I’m as much a part of the problem as anyone else.
Correction: Within this section I incorrectly listed the name of New York Times reporter Dan Barry as Dan Berry. This text has now been updated.
A Little Bit of Culture
This Week: “Promises I’ve Made” by Emitt Rhodes
Unfortunately, this space has increasingly become a place for me to pay tribute to someone who has recently passed away. This week, it’s the singer and songwriter Emitt Rhodes.

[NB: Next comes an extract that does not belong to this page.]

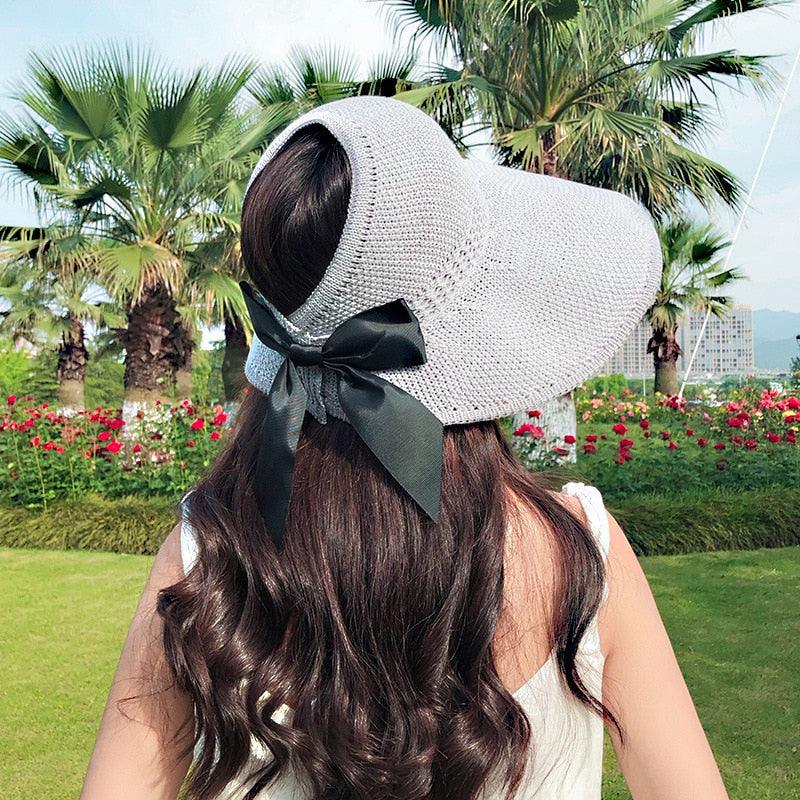 Foldable Wide Brim Beach Hat - Vintage Hollow Out Sun Hat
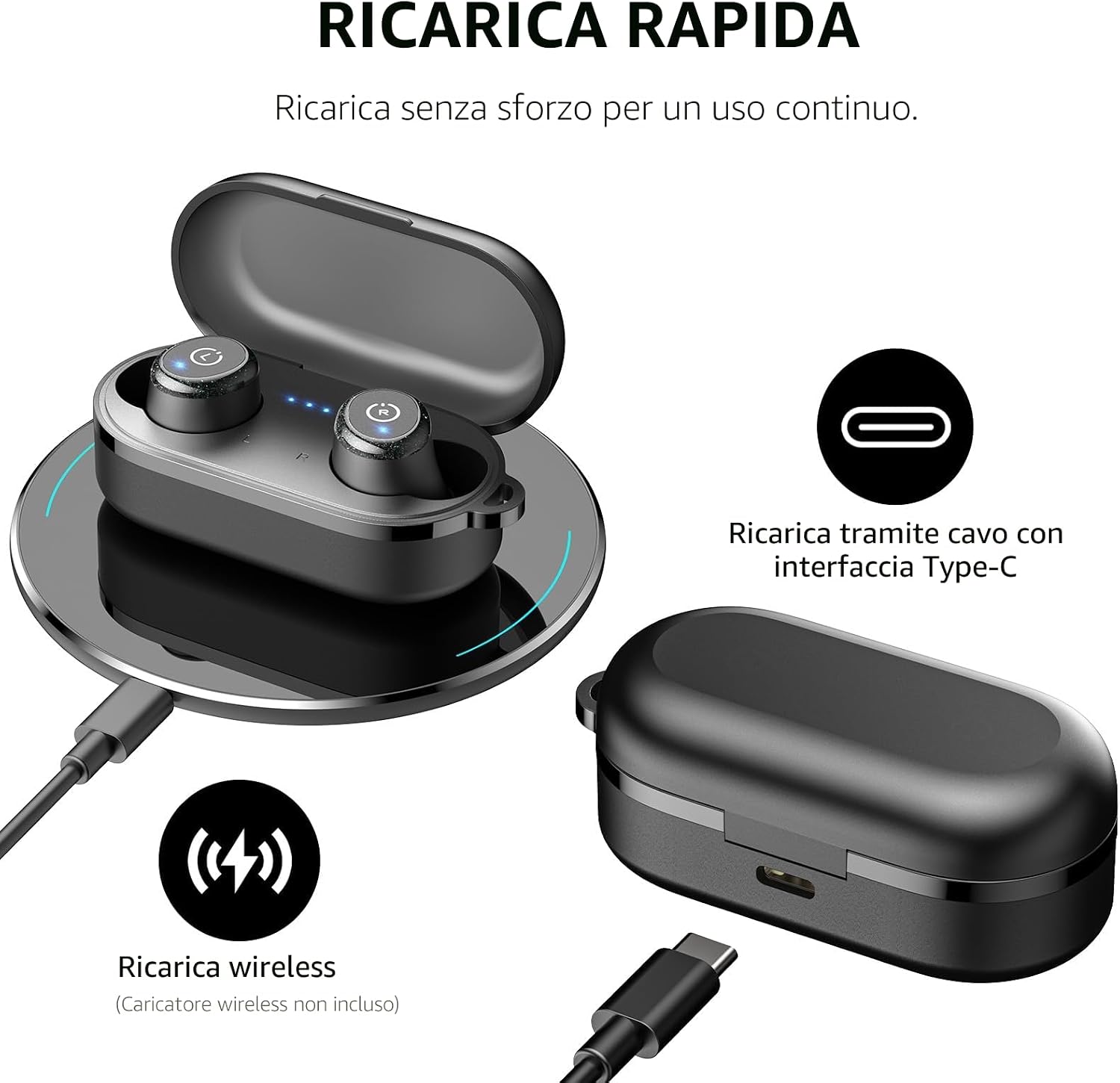 Thumbnail 6 de TOZO T10: Auricolari Bluetooth 5.3 con Controlli Touch, EQ OrigX 2.0 e IPX8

Emitt Rhodes is not a household name. His best-known song is probably “Lullabye,” which was featured in The Royal Tenenbaums. After a prolific start to his career in the late 1960s and early 1970s, Rhodes became a music industry recluse due to a combination of contractual disputes with his label, burnout, and potentially drug use, though there is no clear documentation that the latter played a big part in his decision to step back from the business. In 2009, the last he was the subject of a documentary, The One Man Beatles, and released what is now his final album Rainbow Ends.
Calling Rhodes a “One Man Beatles” is apt. It was an accolade he also shared with Harry Nilsson who also had the same gift for pop songwriting and melody that John, Paul, George, and Ringo had (Ringo’s melodic drum parts count!). Rhodes played and recorded his debut album himself around the time that Paul McCartney was doing the same on his self-titled debut and on Ram. (Todd Rundgren was also doing something pretty damn similar on his early solo records.) And if you haven’t heard Emitt Rhodes before, well, he sounds a lot like late-Beatles and pre-Wings at the Speed of Sound solo Paul McCartney.

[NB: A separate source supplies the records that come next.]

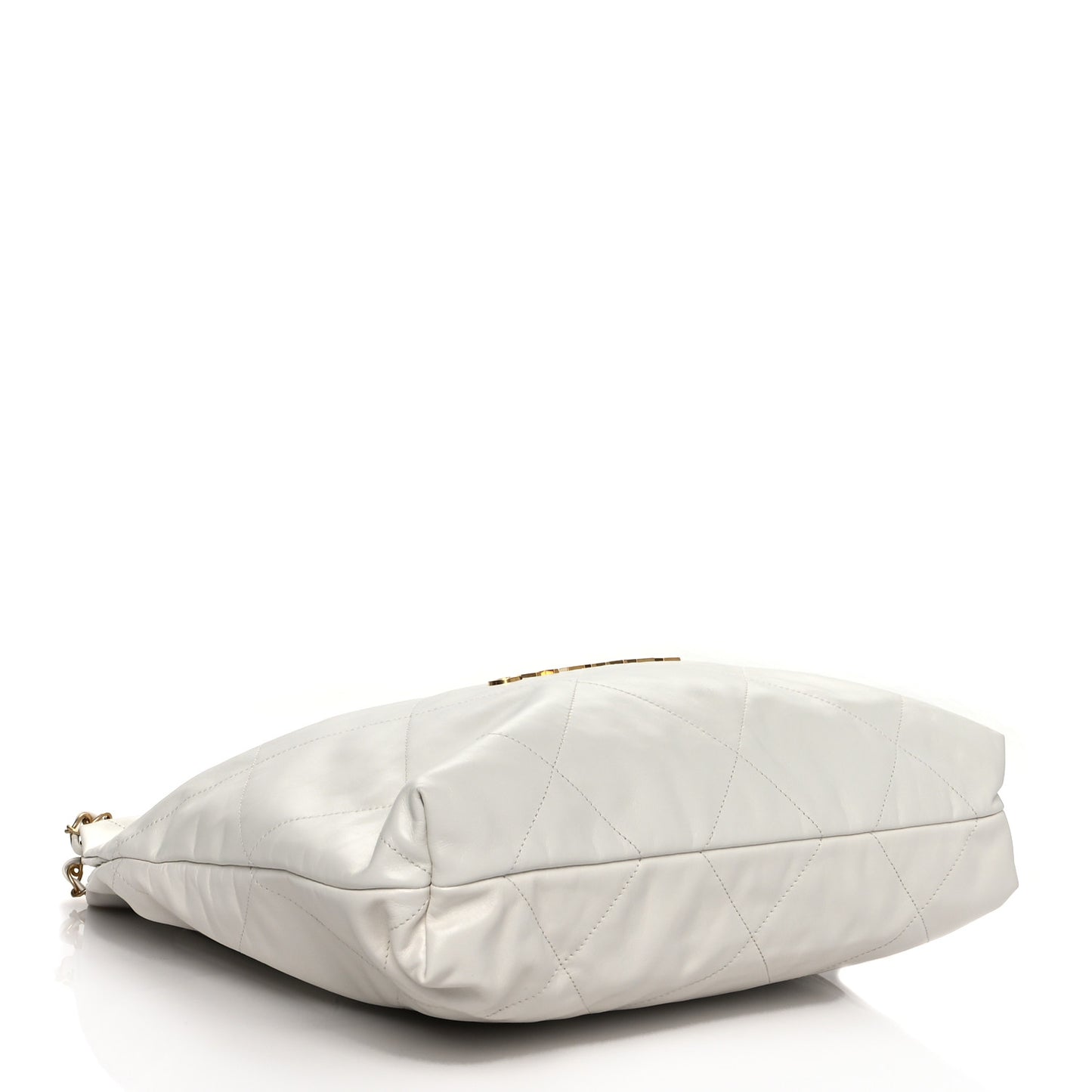 Shiny Calfskin Quilted Chanel 22 White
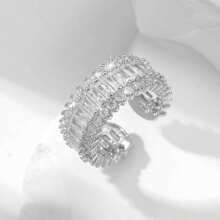 1pc Elegant Luxury Engagement Rings For Women Crystal Ring Birthday Bridal Dress-Up Female Festivals Jewlelry Gift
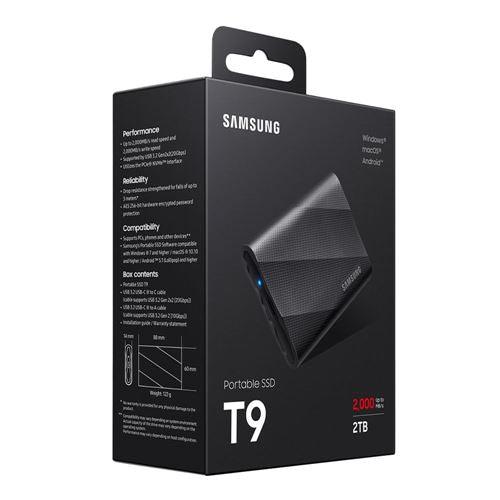 Samsung 2TB T9 Portable SSD USB 3.2 Gen 2x2 Solid State Drive - Black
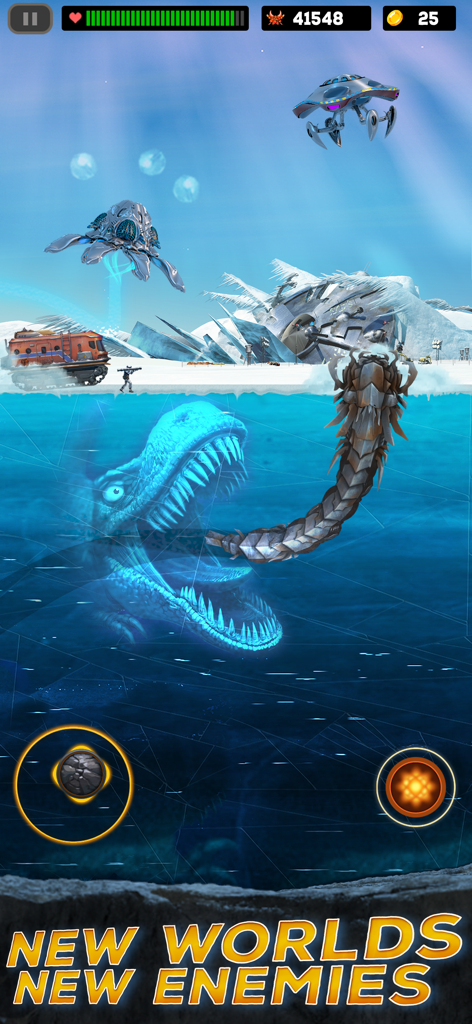 Death Worm™ - Gameplay di Death Worm che mostra un livello artico con un mostro gigante e nemici alieni futuristici.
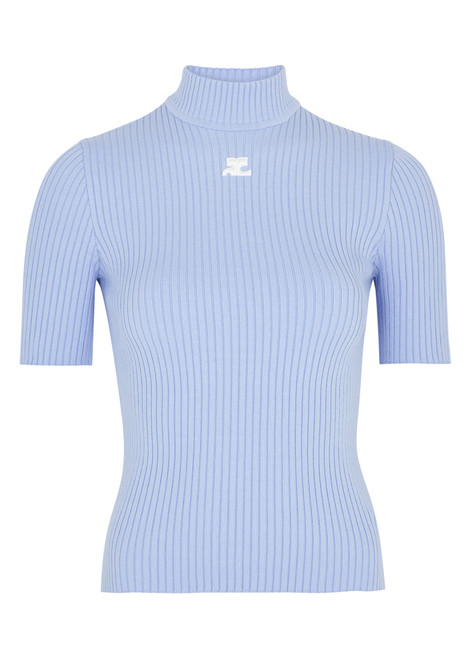 COURRÈGES-Logo ribbed-knit top 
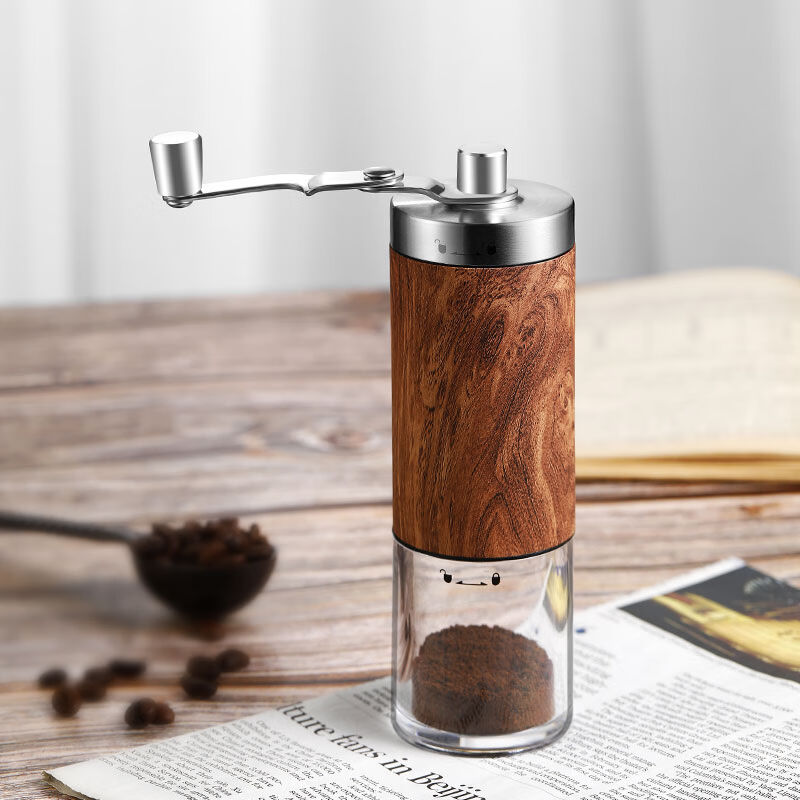 品质手摇磨豆机动咖啡研家用小型便携咖啡咖啡套装咖啡黑色玻璃款
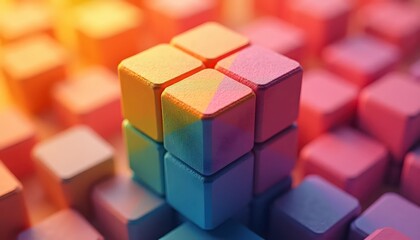 The Perfection of Geometry in Vivid Multicolor Cube Design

My favorite all-time Emitt Rhodes song is “Promises I’ve Made.” From the bouncing opening piano chords to the fluid bass playing, the track sounds like a Beatles song. And once Emitt starts singing, the vocal phrasing, the exact tone of his voice is uncannily like Paul at his sweetest and poppiest. What makes the song my personal favorite are the remorseful almost-country lyrics (somehow I associate it with “How Much I’ve Lied” by Gram Parsons) and the synthesizer coda. The synthesizer first appears underneath the song at 1:17 and lays in the background until about 2:25 where it steadily builds and carries the song to its haunting conclusion. The last minute of the song is defined by a tone and sound that were secondary throughout the majority of the track—something the Beatles often did.
I always find myself writing about the Beatles, and here I am doing it again. And I imagine for a gifted songwriter and musician like Emitt Rhodes who was making his name around the time the Beatles were breaking up, in a style that was influenced by and indebted to them, it must have felt impossible to escape those comparisons. The 1970s were littered with power pop acts who wrote songs as catchy as the Beatles and who sounded like the Beatles, but didn’t catch on because, well, they weren’t the Beatles. And that’s who everyone wanted. The forces of history and the consumer are equally unkind.
But “Promises I’ve Made” is canon to me. It is a song I’ve lived with for more than ten years now and will be a song I live with for the rest of my life. I owe Emitt Rhodes a debt of thanks.
The Action I’m Taking
I’ve been feeling a little disorganized lately. In June, I started recurring donations to a variety of organizations dedicated to making the United States a safer and more equitable place. But since then, I’ve lost focus. I’ll be refocusing myself, but I’d love to hear from anyone receiving this email about ways to donate both my time and my money to support change in this country. What are organizations you are passionate about? How are you giving your time? Any suggestions are welcome.